Developers

Developing for GenomeKit currently requires a C++ compiler that support C++20 features. Both can be installed via conda (gxx_linux-64 and `clangxx_osx-64). For OSX, you will also need the SDK via xcode-select --install or from https://developer.apple.com/download/all/.

Setting up

Clone the source tree:

git clone git@github.com:deepgenomics/GenomeKit.git

From the GenomeKit directory, install the provided conda environment which contains all dependencies:

conda env create -f genomekit_dev.yml
conda activate genomekit_dev

On Windows, you’ll need to comment out the mac/linux only test dependencies from genomekit_dev.yml.

On M1 macs, you might need to set up the environment differently:

conda create -n cxx cxx-compiler zlib
conda activate cxx
conda install -c conda-forge -c bioconda --file a-file-with-the-deps-from-genomekit_dev-yml.txt

Build the package in development mode:

pip install -e .

This builds the C++ extension and copies it into your source tree (genome_kit/_cxx.so). It also ensures that import genome_kit works from any directory by linking your source tree from python’s site-packages.

Note

Windows Prerequisites

You will need VS 2019 or newer installed. To get a compatible shell, either locate and run vcvars64.bat, or start the x64 Native Tools Command Prompt from the Start menu. To open VS with a preconfigured project, directly run in that command prompt:

.vcproj\genome_kit.sln

Finally, run the all the tests:

python -m unittest discover

You can also run examples from the demos directory.

Jetbrains CLion setup

In the CMake settings, set the following environment variables:

IN_CLION=1;CONDA_PREFIX=$HOME/conda/envs/genomekit_dev

Making changes

If the C/C++ code changed, you must re-run the develop command:

pip install -e .

This includes switching branches, merging changes, or editing the C/C++ code yourself. Forgetting this step may lead to unpredictable behaviour.

Tip

To speed up compilation on Ubuntu or Mac, install ccache.

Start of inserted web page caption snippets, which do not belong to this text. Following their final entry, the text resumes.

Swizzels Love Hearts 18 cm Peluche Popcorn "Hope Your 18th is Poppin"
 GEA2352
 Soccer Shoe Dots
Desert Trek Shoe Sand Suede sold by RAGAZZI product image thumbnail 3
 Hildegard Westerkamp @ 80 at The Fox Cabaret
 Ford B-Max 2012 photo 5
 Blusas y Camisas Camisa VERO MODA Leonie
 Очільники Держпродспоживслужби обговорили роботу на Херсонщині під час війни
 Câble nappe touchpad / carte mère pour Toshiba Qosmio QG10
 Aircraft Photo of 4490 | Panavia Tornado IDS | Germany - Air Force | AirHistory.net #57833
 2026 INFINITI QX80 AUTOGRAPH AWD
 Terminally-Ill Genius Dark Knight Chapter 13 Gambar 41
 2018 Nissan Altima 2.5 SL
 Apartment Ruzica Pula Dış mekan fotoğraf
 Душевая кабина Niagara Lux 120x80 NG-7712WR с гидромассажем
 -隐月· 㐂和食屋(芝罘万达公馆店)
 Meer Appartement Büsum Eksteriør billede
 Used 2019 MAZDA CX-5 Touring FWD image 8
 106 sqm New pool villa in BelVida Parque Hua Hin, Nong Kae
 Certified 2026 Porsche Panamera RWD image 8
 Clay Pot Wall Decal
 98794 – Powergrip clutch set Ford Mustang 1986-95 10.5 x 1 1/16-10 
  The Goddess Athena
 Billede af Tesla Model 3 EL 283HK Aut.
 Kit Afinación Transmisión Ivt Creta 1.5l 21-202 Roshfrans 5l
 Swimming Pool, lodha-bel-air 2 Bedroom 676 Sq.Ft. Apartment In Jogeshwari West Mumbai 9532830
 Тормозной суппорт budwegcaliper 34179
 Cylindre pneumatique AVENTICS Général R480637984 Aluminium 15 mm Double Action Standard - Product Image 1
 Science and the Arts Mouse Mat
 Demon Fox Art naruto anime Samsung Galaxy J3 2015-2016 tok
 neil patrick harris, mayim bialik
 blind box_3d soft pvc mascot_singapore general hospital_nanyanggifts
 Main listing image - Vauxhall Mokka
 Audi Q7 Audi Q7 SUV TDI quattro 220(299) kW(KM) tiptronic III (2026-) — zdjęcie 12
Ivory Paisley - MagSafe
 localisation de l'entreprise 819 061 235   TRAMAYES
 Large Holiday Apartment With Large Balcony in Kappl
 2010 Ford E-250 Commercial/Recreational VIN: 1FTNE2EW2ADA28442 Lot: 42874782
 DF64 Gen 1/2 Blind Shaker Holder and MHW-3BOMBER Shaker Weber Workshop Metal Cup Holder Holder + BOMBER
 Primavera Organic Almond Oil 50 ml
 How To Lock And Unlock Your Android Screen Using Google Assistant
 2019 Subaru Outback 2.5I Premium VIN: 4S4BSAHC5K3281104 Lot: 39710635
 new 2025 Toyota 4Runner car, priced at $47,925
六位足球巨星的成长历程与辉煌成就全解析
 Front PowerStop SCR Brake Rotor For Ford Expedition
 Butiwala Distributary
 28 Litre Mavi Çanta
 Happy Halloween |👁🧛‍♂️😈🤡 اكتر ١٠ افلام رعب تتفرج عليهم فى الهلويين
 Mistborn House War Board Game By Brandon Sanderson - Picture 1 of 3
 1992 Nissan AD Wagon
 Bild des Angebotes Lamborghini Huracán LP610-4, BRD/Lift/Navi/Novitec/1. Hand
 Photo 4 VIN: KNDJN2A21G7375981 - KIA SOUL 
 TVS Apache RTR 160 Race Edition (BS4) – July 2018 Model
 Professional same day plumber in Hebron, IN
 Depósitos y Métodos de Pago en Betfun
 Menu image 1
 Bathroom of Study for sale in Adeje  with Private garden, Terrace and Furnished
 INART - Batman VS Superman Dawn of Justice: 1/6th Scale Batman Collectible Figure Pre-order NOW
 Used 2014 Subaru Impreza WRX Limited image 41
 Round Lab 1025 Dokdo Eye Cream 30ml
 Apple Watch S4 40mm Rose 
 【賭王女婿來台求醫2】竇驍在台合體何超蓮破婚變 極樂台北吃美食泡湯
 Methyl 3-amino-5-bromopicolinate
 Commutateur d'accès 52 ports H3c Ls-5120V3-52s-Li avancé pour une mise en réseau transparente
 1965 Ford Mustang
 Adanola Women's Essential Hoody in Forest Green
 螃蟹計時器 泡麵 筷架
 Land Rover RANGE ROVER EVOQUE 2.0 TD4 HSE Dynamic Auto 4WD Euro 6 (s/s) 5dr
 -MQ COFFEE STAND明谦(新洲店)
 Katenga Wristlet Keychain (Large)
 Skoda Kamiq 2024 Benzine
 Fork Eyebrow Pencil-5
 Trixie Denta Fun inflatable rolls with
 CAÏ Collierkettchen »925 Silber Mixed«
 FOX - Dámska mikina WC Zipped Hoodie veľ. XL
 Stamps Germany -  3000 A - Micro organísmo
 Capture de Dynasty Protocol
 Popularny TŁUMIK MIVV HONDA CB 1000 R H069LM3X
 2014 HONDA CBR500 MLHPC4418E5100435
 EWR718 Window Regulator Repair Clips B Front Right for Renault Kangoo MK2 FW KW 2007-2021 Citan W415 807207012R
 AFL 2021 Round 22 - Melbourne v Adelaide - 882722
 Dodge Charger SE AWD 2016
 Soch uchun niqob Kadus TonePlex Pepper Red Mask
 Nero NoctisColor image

Before checking in any changes, run all tests locally:

python -m unittest discover

Adding tests

Tests are located in the tests directory, and any data they need is located in the tests/data directory.

While developing a test, you may want to run it repeatedly, without all other tests. For example, to run just the TestInterval.test_serialize method in tests/test_interval.py use:

python -m unittest tests.test_interval.TestInterval.test_serialize

C++ tests

To test C++ code directly, you can compile and run src/main.cpp:

cmake -DCMAKE_BUILD_TYPE=Debug -B unittestbuild
cmake --build unittestbuild --parallel --verbose --target main test

Debugging tests

Define envvar GK_DEBUGBREAK to break upon GK_CHECK failures when running under a debugger.

Building data files

GenomeKit relies on many pre-built files. For example, the binary annotation gencode.v19.annotation.dganno is built from gencode.v19.annotation.gff3.gz. Reasons to re-build these files include:

Changes to the binary file format.
Updates to the source data.
Changes to the processing of source data.

GenomeKit has two sets of data files:

Full data files are for normal use. They are stored remotely in the GenomeKit store and pulled to the user’s local file system on-demand.
Test data files are for testing. They are tiny excerpts of the full files, small enough to check in to source control, fast enough to run in continuous integration testing. They are stored in the source tree under tests/data.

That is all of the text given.